» **Problem to solve**
Output exactly, and only, the stretch of lines beginning at the line with "3D Model of" and ending at the last line of the listing below. Drop the pictures.

» **Recorded data**
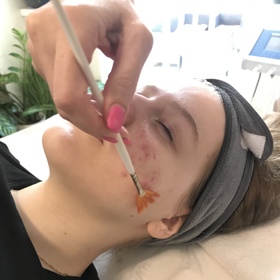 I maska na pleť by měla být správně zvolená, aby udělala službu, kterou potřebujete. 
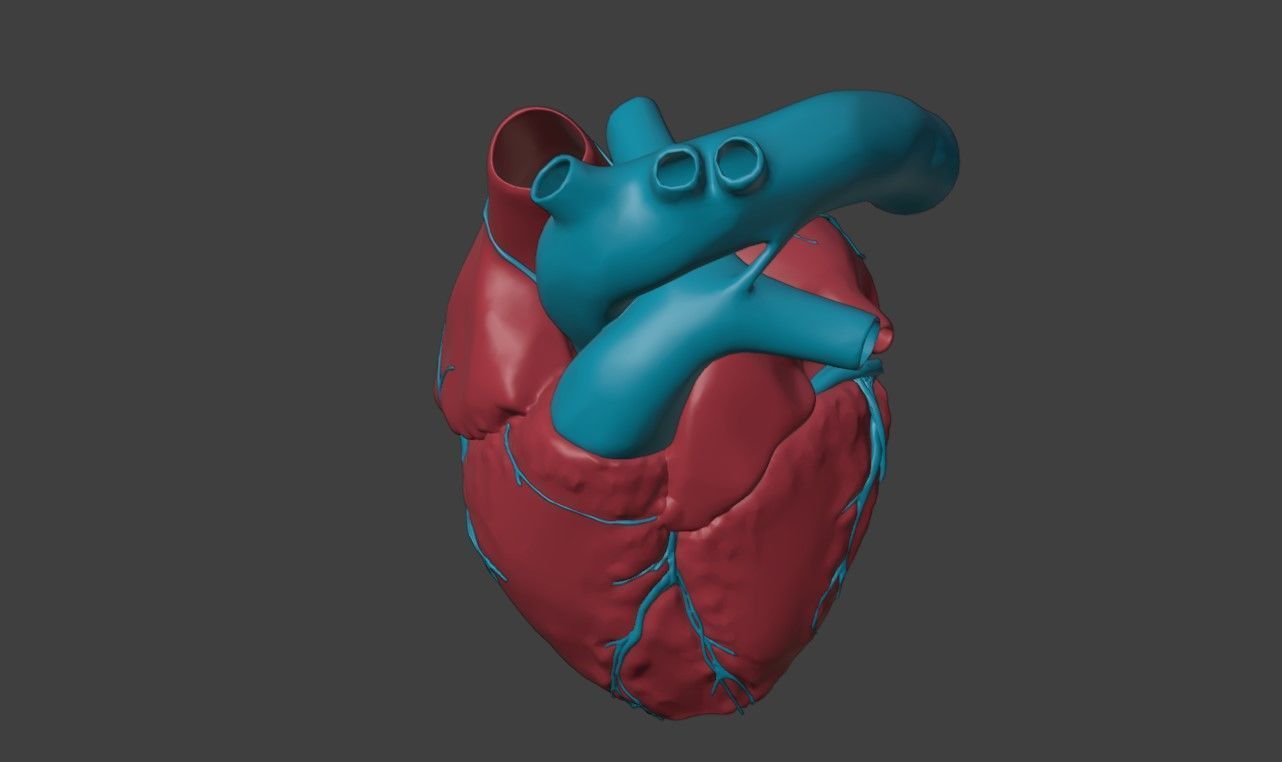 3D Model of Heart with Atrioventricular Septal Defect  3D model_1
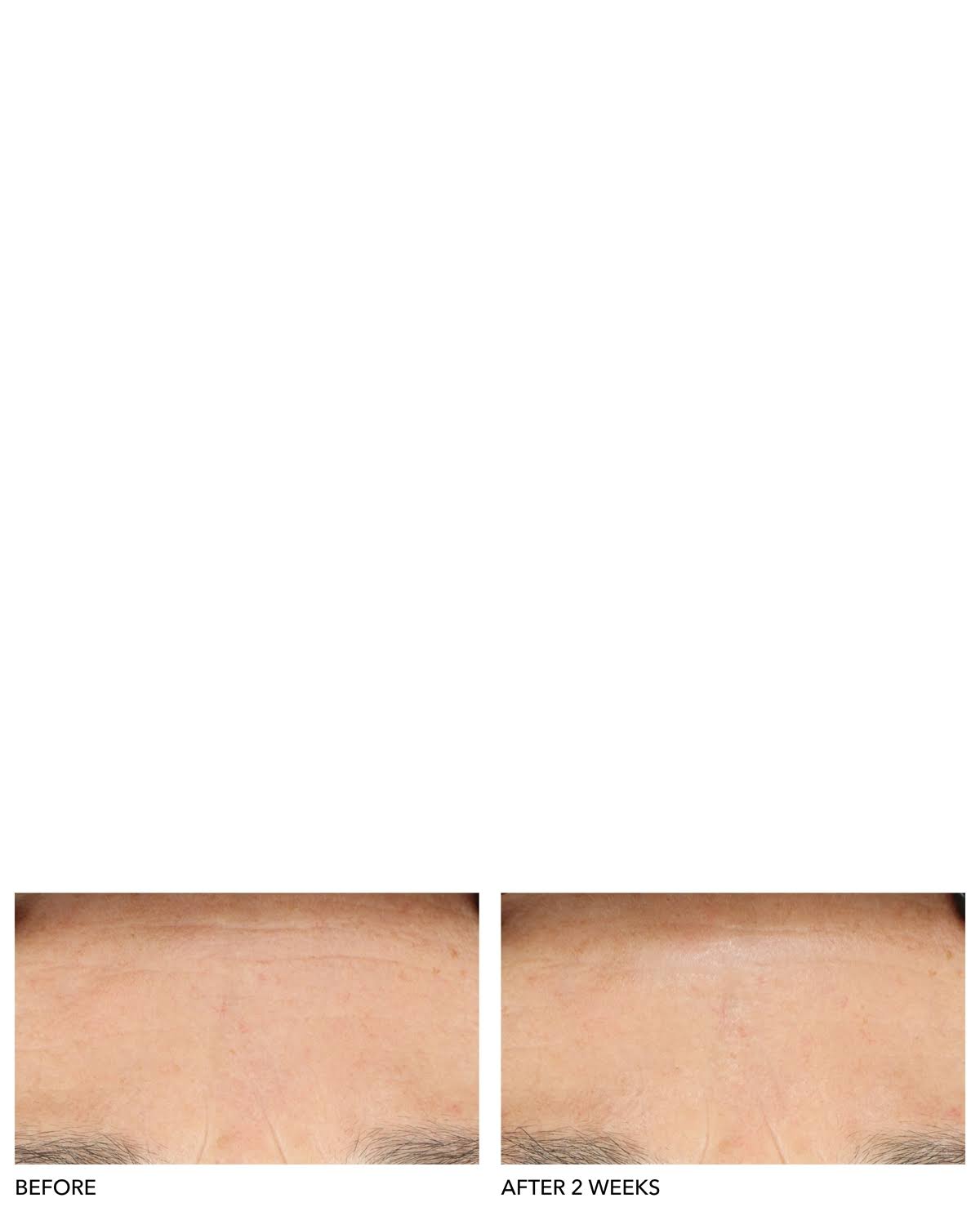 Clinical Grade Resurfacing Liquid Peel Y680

» **Solution for this task**
 3D Model of Heart with Atrioventricular Septal Defect  3D model_1
 Clinical Grade Resurfacing Liquid Peel Y680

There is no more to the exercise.